There are takes, and “Barca’s Messi Debacle Shows Flaws of Fan-Owned Teams” is a take, for sure — one that hilariously appears at Bloomberg, of all places.
“Fans will always want the best players, no matter how expensive they are,” reads the subhed.
What horror! Fans wanting the best players to play for their teams. Won’t somebody please think of the financial flexibility?
There’s definitely been a heapin’ helpin’ of poor management to get Barca to the point where the greatest player in the history of one of the biggest teams in the history of world sports… is heading out the door.
To pin it on the problem being that Barcelona isn’t run by some rich jerk? Please.
Ask a Cubs fan how that’s working out, or pretty much anyone who has seen their favorite team put a worse product on the field because there’s a sweet spot of being just competitive enough to maximize profits.

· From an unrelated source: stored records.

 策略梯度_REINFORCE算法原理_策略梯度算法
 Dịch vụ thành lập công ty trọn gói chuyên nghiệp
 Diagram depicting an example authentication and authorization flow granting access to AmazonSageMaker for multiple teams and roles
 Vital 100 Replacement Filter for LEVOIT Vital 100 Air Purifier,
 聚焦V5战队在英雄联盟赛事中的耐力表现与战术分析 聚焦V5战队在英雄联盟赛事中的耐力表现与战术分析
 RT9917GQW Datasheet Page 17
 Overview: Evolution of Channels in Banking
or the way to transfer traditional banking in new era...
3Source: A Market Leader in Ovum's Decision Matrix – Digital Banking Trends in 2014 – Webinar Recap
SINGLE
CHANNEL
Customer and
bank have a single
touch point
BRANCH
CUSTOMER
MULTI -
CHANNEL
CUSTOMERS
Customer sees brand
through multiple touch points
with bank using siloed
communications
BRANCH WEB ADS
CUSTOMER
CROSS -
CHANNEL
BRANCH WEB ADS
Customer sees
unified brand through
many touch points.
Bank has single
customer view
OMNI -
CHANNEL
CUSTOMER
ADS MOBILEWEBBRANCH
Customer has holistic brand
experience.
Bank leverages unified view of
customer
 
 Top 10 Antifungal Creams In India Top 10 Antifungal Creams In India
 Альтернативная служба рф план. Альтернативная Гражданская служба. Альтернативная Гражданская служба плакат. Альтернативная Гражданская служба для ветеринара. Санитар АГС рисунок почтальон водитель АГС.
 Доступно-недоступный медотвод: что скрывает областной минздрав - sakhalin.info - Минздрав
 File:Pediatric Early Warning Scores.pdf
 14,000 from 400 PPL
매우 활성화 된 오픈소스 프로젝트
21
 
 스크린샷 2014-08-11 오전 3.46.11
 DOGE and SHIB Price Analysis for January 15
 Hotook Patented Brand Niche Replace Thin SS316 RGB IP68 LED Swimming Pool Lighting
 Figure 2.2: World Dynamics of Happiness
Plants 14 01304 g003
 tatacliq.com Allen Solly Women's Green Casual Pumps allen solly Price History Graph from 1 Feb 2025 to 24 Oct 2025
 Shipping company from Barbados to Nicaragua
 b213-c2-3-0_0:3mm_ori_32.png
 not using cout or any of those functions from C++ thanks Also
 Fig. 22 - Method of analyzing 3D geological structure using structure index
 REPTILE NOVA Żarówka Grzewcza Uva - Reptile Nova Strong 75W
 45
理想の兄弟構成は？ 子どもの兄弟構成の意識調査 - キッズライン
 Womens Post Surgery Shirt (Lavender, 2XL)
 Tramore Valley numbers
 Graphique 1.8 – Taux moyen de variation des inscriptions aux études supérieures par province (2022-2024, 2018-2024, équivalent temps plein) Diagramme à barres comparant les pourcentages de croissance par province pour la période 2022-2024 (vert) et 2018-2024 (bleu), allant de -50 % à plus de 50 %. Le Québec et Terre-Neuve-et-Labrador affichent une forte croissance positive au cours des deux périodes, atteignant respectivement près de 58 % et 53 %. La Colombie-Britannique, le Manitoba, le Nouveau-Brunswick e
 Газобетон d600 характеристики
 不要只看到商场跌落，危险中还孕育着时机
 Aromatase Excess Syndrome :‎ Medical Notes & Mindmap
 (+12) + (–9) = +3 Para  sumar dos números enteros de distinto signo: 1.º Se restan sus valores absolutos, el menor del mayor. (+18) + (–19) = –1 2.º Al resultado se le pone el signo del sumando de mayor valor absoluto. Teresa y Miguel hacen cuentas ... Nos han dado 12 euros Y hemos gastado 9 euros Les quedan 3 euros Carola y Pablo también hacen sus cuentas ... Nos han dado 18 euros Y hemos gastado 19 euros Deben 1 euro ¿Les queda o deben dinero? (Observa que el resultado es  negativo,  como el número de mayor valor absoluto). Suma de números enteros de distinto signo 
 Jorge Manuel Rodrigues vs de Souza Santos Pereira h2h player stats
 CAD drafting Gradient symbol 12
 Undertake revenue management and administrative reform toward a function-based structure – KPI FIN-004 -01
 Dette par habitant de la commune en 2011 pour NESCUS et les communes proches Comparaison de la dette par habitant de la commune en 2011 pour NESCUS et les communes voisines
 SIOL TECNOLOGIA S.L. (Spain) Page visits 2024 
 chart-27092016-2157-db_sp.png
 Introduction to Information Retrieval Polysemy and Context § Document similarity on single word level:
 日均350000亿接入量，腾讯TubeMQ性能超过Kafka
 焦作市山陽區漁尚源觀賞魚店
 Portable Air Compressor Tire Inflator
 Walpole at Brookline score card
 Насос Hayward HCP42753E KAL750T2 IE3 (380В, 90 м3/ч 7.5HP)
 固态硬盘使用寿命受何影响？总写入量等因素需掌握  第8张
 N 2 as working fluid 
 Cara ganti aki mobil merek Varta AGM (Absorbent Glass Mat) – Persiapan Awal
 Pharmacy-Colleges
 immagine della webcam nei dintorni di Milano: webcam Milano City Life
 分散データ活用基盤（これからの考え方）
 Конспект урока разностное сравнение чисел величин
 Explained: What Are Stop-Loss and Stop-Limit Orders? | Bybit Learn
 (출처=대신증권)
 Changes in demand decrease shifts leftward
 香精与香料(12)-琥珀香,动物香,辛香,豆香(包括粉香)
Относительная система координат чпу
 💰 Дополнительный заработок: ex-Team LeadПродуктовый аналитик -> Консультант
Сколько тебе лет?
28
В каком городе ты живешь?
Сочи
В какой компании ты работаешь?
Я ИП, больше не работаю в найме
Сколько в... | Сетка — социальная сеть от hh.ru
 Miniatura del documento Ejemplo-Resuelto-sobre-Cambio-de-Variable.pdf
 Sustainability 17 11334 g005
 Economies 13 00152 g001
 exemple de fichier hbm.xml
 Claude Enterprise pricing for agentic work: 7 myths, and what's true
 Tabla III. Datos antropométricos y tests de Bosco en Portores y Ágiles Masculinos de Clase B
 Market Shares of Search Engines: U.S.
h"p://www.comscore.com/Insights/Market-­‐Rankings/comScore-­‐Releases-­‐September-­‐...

Since Messi debuted at Barcelona, the Spanish giants have won 10 La Liga titles, seven Copas del Rey, seven Supercopas, three UEFA Super Cups, three FIFA Club World Cups, and, of course, four Champions League titles. Yes, in the past two seasons, only a singular Copa del Rey has been added to the trophy cabinet, but that hardly invalidates having spent the better part of two decades surrounding arguably the best soccer player ever to walk the earth with exceptional talent, no matter (gasp) the price.
Would it be better if Barcelona had taken a more businesslike approach over that time, with Messi earning a place in sports history as soccer’s Mike Trout? Of course not. The entire era was totally worth it, and any Barcelona fan would do the same thing all over again.
Messi having a non-Barcelona chapter of his career is a shock, but Barcelona still should be seen as a model for how sports teams should be run, not a cautionary tale. If you’re looking for one of those, Stan Kroenke is always available.